To ensure reliable data, all instruments are calibrated pre-and-post deployment on a fixed schedule. All data goes through a rigorous quality assurance/quality control process. All data can be accessed from the Central Data Management Office, along with copies of our protocols.
Please contact our Research Staff if you have questions.
Since 2004, water quality has been continuously measured at four sites on Sapelo Island. Using YSI Data Sondes and sensors, we measure temperature, salinity, conductivity, pH, dissolved oxygen, turbidity, and depth. The site at Marsh Landing (Lower Duplin) is near real-time data, accessible at the CDMO or from the National Bouy Data Center.
Since 2002, meteorological data has been continuously measured at one site next to the Marsh Landing parking lot on Sapelo Island. Using Campbell Scientific dataloggers and sensors, we measure temperature, relative humidity, barometric pressure, wind speed (maximum gusts and sustained), wind direction, precipitation, and photosynthetic active radiation (PAR). This site at Marsh Landing is near real-time data (updating once an hour), accessible at the CDMO or from the National Bouy Data Center. This data is used by the National Weather Service (NWS) to help develop better understanding of storm systems.

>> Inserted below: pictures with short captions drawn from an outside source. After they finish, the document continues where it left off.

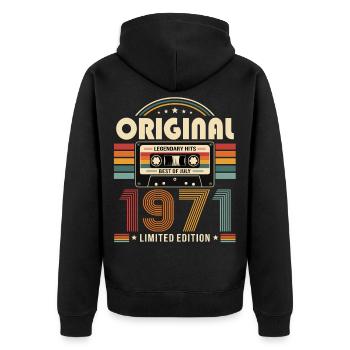 Cadeau d’anniversaire 55e Millésime Juillet Millésime 1971 - Veste à capuche bio Premium Unisexe - noir - Dos - Nico (187cm)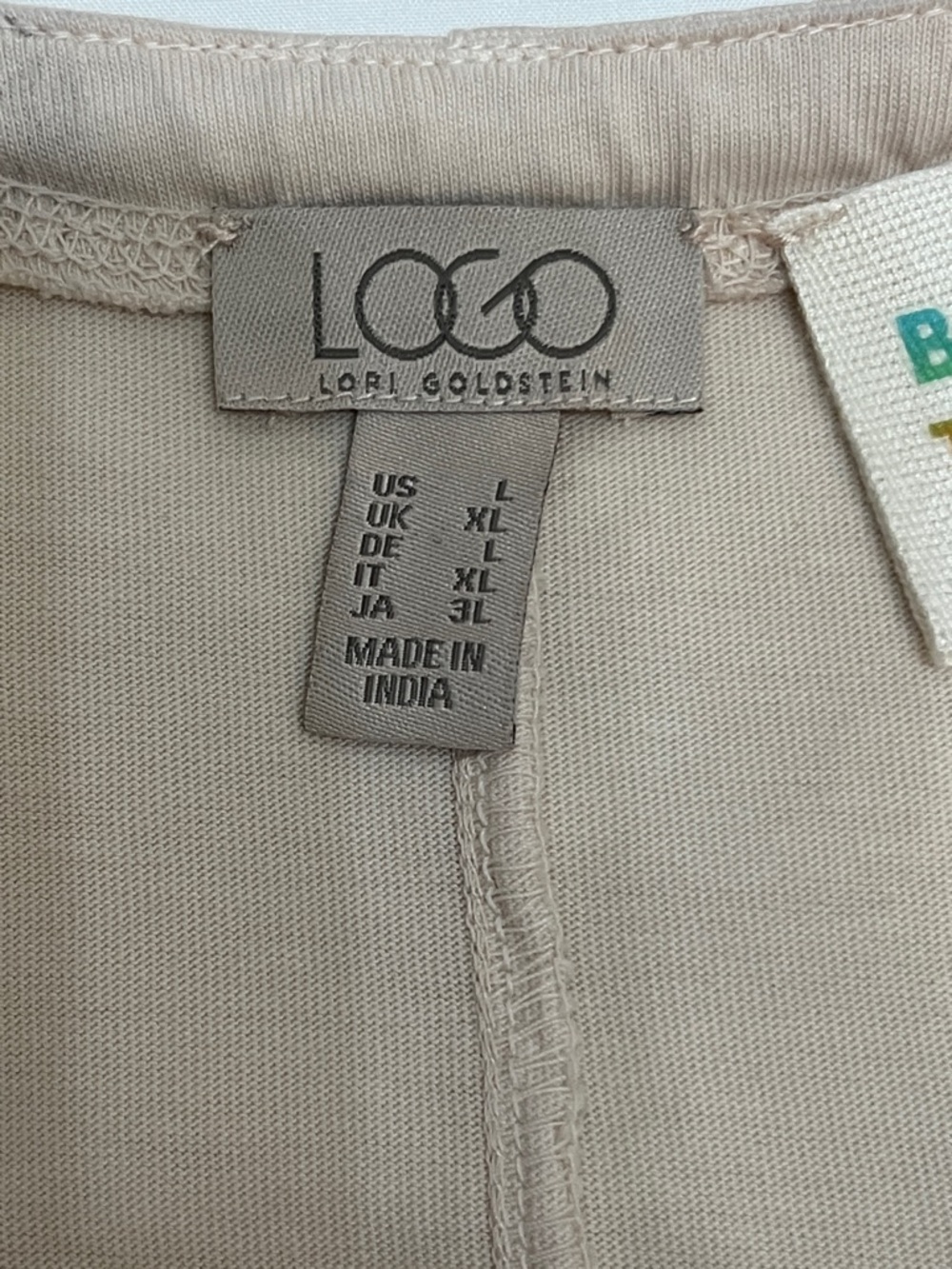 LOGO by Lori Goldstein Ombre Tie-Front Cotton Jacket in Cream and Navy - Picture 2 of 13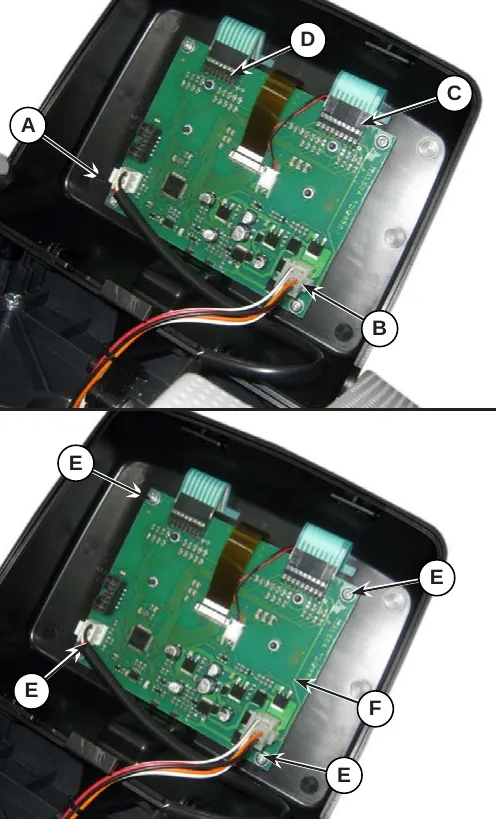 Two photos of the Display controller circuit board: the first with callouts A to D on the connections, the second with callouts E on the four screws and F on the display controller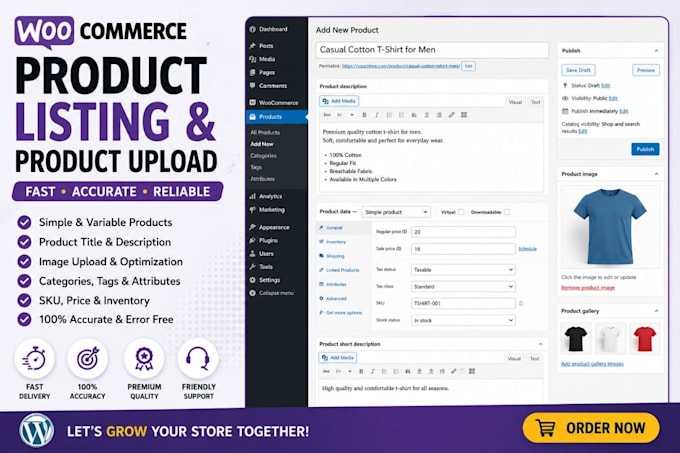 do woocommerce product listing and product upload
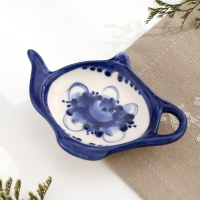 Подставка под чайные пакетики, гжель, фарфор, 10х7 см Подставка под чайные пакетики, гжель, фарфор, 10х7 см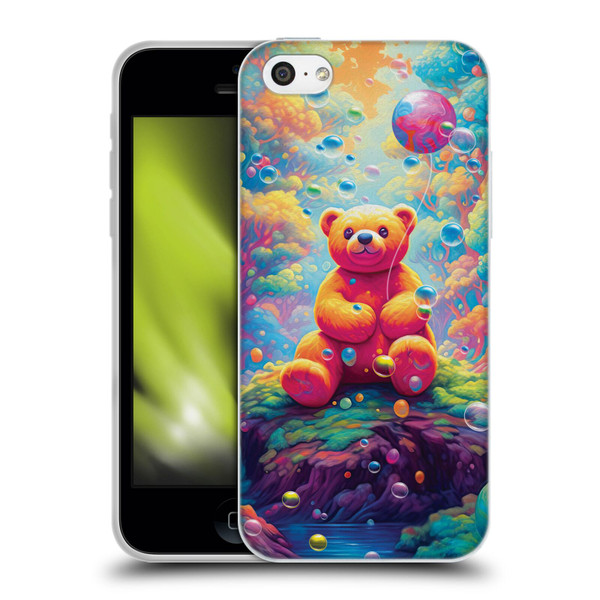 Michael David Ward Psychedelic Art Teddy Bear In Wonderland Soft Gel Case for Apple iPhone 5c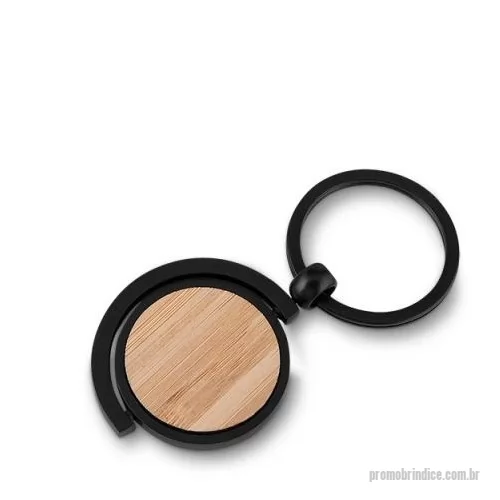 Chaveiro de MDF personalizado - Chaveiro de metal, com detalhe circular de Bambu. Acompanha estojo de papel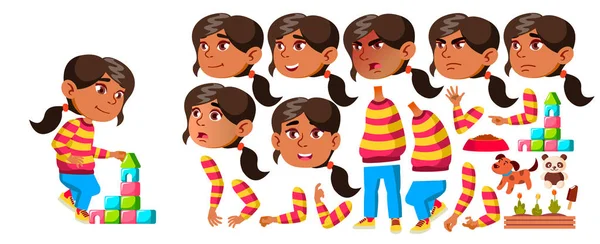 Arab, Muslim Girl Kindergarten Kid Vector. Conjunto de Creación de Animación. Emociones faciales, gestos. Carácter de niños felices. Niñera. Tarjeta, Anuncio, Diseño de saludos. Animado. Ilustración aislada — Vector de stock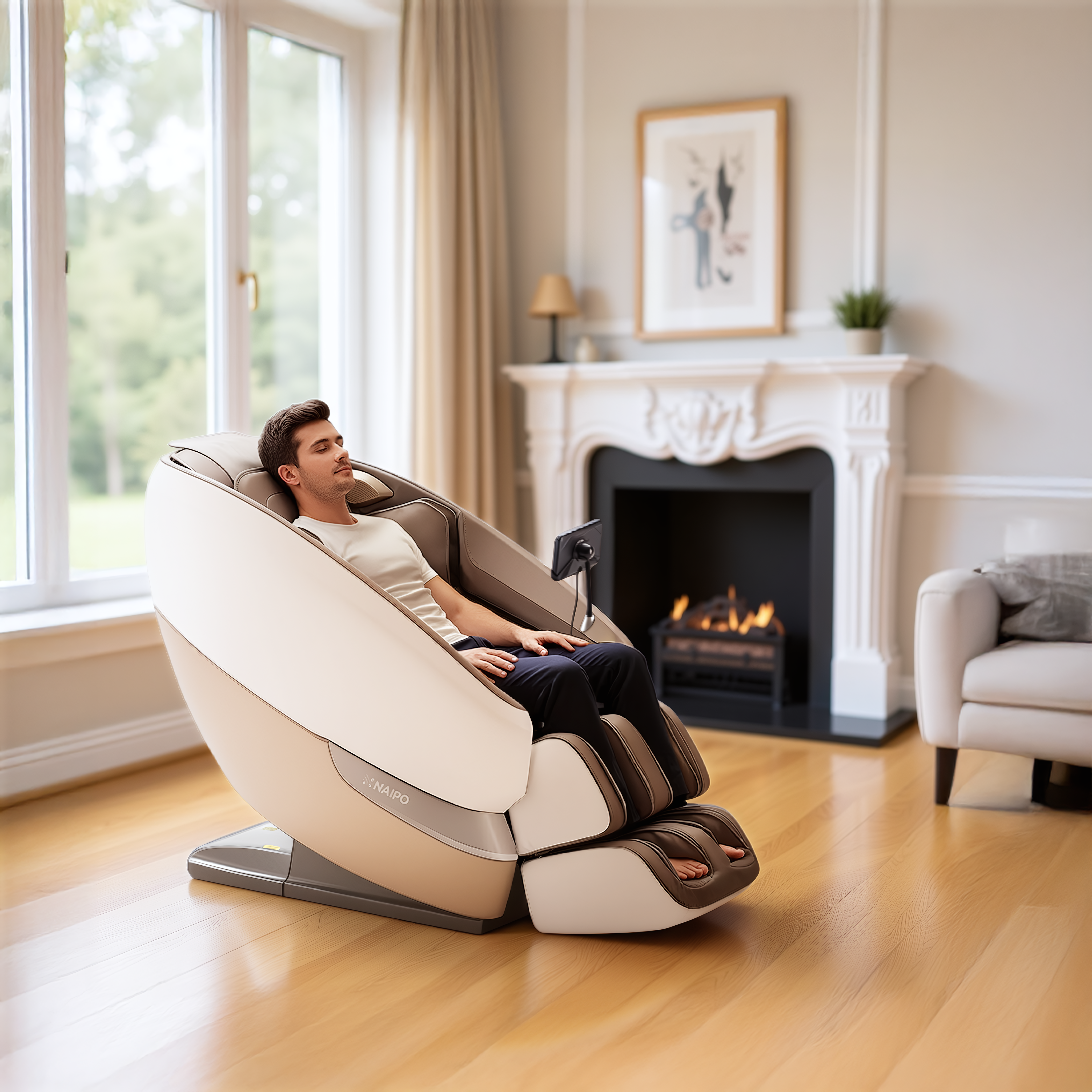 NAIPO Tai Chi Flow Massagesessel für Ganzkörpermassage mit Wärme, Zero-Gravity, Nacken- und Schultermassage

Since 2004, SINERR has collected monthly grab water samples at each of our four water quality sites. In addition to the grab samples, a continous water collector (Teledyne ISCO) is deployed at the Lower Duplin for 24-hours to capture water nutrients over a tidal cycle. Samples are filtered at our lab on Sapelo and sent off-island to an approved lab for analysis. We measure orthophosphate, ammonium, nitrate, nitrite, dissolved inorganic nitrogen, and chlorophyll-a.